InfluxDB queries, a guide

I've been playing with InfluxDB lately. One of the problems I'm facing is getting what I need out of it. Which means exploring the query language. The documentation needs some polishing in spots, so I may submit a PR to it once I get something worked up. But until then, enjoy some googlebait about how the SELECT syntax works, and what you can do with it.

Rule 1: Never, ever put a WHERE condition that involves 'value'. Value is not indexed. Doing so will cause table-scans, and for a database that can legitimately contain over a billion rows, that's bad. Don't do it.
Rule 2: No joins.

With that out of the way, have some progressively more complex queries to explain how the heck this all works!


Return a list of values.

Dump everything in a measurement, going back as far as you have data. You almost never want to do this

SELECT value FROM site_hits

The one exception to this rule, is if you're pulling out something like an event stream, where events are encoded as tags-values.

SELECT event_text, value FROM eventstream

Return a list of values from a measurement, with given tags.

One of the features of InfluxDB, is that you can tag values in a measurement. These function like extra fields in a database row, but you still can't join on them. The syntax for this should not be surprising.

SELECT value FROM site_hits WHERE webapp = 'api' AND environment = 'prod'

Return a list of values from a measurement, with given tags that match a regex.

Yes, you can use regexes in your WHERE clauses.

SELECT value FROM site_hits WHERE webapp =~ /^api_[a-z]*/ AND environment = 'prod'


That's cool and all, but the real power of InfluxDB comes with the aggregation functions and grouping. This is what allows you to learn what the max value was for a given measurement over the past 30 minutes, and other useful things. These yield time-series that can be turned into nice charts.

Return a list of values, grouped by application

This is the first example of GROUP BY, and isn't one you'll probably ever need to use. This will emit multiple time-series.

SELECT value FROM site_hits where webapp =~ /^api_[a-z]*/ AND environment = 'prod' GROUP BY webapp

Return a list of values, grouped by time into 10 minute buckets

When using time for a GROUP BY value, you must provide an aggregation function! This will add together all of the hits in the 10 minute bucket into a single value, returning a time-stream of 10 minute buckets of hits.

SELECT sum(value) FROM site_hits WHERE webapp =~ /^api_[a-z]*/ AND environment = 'prod' GROUP BY time(10m)

Return a list of values, grouped by both web-server and time into 10 minute buckets

This does the same thing as the previous, but will yield multiple time-series. Some graphing packages will helpfully chart multiple lines based on this single query. Handy, especially if servername changes on a daily basis as new nodes are added and removed.

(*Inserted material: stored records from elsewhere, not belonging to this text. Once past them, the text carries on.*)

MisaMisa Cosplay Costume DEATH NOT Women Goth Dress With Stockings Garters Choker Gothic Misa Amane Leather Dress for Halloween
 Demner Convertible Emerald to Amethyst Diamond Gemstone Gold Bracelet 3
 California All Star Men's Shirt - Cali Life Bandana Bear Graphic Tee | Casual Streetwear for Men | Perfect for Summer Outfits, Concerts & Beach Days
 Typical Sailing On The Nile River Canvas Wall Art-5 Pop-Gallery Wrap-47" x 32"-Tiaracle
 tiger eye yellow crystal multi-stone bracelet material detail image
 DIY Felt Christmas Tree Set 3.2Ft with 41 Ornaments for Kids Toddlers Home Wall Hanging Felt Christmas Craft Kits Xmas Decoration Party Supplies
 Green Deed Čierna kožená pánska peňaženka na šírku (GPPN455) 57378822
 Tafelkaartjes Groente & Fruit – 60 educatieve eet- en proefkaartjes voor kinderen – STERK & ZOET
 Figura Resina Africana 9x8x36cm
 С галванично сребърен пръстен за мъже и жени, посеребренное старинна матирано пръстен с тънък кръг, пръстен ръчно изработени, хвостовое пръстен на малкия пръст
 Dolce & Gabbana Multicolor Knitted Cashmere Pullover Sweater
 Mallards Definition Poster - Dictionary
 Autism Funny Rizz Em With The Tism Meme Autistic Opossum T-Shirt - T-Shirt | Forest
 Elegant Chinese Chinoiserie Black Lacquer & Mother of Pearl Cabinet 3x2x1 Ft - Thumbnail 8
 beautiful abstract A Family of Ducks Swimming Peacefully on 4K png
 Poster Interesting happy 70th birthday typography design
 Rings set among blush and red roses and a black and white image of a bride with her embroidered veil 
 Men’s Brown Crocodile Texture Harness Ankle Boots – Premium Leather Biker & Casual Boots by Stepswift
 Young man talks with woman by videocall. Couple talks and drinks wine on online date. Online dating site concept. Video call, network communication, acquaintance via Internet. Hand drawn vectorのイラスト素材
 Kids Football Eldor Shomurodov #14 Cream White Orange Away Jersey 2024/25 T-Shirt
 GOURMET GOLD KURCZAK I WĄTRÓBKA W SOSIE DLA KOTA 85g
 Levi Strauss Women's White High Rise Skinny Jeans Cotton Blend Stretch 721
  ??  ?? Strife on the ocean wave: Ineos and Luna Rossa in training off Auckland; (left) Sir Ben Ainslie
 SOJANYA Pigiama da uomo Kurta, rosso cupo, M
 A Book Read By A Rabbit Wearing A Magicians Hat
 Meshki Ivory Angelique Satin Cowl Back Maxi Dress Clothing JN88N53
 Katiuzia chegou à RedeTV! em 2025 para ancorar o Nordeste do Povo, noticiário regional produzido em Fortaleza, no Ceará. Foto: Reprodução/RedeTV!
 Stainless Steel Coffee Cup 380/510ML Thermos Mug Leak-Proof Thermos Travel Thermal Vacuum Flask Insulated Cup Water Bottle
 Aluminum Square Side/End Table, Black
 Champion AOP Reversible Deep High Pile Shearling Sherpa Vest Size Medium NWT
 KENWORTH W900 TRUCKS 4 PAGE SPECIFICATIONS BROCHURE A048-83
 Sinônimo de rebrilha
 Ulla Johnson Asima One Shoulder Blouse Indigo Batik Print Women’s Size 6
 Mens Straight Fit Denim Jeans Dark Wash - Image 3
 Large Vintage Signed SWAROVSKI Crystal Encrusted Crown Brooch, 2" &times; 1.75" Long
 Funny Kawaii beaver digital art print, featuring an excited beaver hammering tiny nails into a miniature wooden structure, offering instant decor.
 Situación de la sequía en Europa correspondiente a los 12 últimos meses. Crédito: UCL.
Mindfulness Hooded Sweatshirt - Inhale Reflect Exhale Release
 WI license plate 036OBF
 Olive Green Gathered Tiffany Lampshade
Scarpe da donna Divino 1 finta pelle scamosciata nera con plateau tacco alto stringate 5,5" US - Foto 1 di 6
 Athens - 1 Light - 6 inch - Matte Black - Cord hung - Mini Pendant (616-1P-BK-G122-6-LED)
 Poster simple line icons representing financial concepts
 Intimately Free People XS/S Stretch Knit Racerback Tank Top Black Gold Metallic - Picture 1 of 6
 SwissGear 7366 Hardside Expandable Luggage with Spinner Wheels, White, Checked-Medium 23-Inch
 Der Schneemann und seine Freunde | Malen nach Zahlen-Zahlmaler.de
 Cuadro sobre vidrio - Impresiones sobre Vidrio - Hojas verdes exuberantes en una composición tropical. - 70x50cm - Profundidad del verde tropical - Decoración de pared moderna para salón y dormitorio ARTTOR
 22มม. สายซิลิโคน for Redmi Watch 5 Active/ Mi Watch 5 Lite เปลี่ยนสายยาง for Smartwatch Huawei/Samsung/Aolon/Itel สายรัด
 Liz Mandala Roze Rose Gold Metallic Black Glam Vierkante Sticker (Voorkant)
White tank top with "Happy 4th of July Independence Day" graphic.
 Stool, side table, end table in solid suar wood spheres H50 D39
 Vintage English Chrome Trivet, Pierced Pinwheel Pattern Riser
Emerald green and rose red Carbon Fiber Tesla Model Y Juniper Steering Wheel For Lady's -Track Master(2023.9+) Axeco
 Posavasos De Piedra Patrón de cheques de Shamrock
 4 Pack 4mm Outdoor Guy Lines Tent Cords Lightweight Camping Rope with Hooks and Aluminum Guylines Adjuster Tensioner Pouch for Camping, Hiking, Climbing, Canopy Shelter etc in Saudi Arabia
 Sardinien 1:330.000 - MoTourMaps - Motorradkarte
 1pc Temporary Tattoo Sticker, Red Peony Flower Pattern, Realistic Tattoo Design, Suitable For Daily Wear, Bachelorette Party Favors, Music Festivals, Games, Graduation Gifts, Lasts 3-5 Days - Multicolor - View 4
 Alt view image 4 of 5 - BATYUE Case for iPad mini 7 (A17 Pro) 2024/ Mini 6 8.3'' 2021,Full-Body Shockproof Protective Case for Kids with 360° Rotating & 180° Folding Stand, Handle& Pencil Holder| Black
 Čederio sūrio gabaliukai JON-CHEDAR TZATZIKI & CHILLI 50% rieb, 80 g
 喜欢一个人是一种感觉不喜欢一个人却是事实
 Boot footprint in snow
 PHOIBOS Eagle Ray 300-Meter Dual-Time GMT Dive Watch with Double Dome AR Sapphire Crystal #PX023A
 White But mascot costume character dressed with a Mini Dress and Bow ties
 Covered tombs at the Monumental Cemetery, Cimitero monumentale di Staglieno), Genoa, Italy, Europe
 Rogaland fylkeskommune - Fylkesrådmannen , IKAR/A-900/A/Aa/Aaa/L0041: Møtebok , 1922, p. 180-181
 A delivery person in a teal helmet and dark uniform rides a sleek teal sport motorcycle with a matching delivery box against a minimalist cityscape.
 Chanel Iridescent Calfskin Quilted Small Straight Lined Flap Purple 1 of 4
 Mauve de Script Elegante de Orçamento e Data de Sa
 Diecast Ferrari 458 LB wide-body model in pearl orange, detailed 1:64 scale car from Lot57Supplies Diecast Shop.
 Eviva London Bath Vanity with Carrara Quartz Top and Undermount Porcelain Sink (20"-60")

SELECT sum(value) FROM site_hits WHERE webapp =~ /^api_[a-z]*/ AND environment = 'prod' GROUP BY time(10m), servername

Return a list of values, grouped by time into 10 minute buckets, for data receive in the last 24 hours.

This adds a time-based condition to the WHERE clause. To keep the line shorter, we're not going to group on servername.

SELECT sum(value) FROM site_hits WHERE webapp =~ /^api_[a-z]*/ AND environment = 'prod' AND time > now() - 24h GROUP BY time(10m)


There is one more trick InfluxDB can do, and this isn't documented very well. InfluxDB can partition data in a database into retention policies. There is a default retention policy on each database, and if you don't specify a retention-policy to query from, you are querying the default. All of the above examples are querying the default retention-policy.

By using continuous queries you can populate other retention policies with data from the default policy. Perhaps your default policy keeps data for 6 weeks at 10 second granularity, but you want to keep another policy for 1 minute granularity for six months, and another policy for 10 minute granularity for two years. These queries allow you to do that.

Querying data from a non-default retention policy is done like this:

Return 14 weeks of hits to API-type webapps, in 1 hour buckets

SELECT sum(value) FROM "6month".site_hits WHERE webapp =~ /api_[a-z]*/ AND environment = 'prod' AND time > now() - 14w GROUP BY time(1h)

The same could be done for "18month", if that policy was on the server.